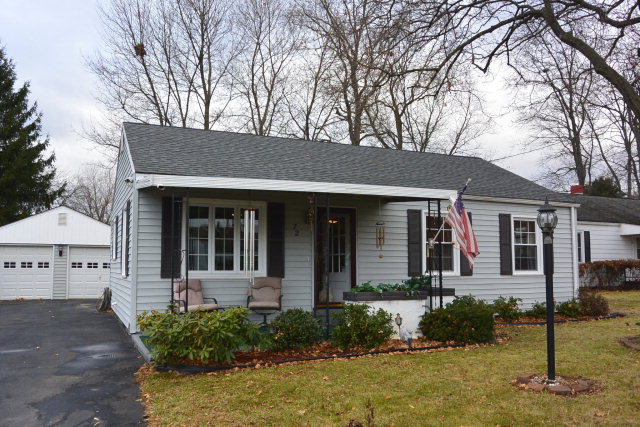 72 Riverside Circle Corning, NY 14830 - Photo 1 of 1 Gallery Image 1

==

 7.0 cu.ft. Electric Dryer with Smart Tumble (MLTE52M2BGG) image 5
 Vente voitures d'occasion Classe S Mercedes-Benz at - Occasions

==

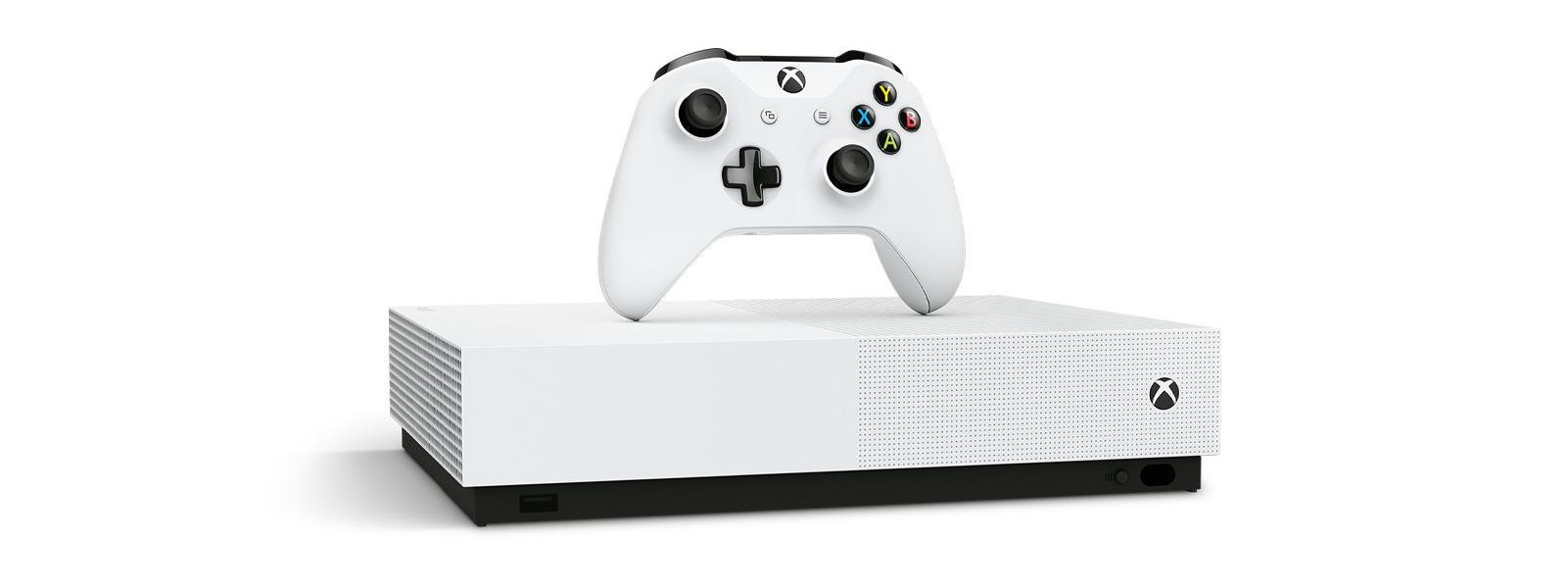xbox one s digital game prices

WORK REQUEST:
Taking the lines above, repeat exactly those from the line that contains "7.0 cu.ft. Electric" through the line that contains "Vente voitures d'occasion", and both of those lines as well. Include nothing else.

SOLUTION FOR THIS PROBLEM:
 7.0 cu.ft. Electric Dryer with Smart Tumble (MLTE52M2BGG) image 5
 Vente voitures d'occasion Classe S Mercedes-Benz at - Occasions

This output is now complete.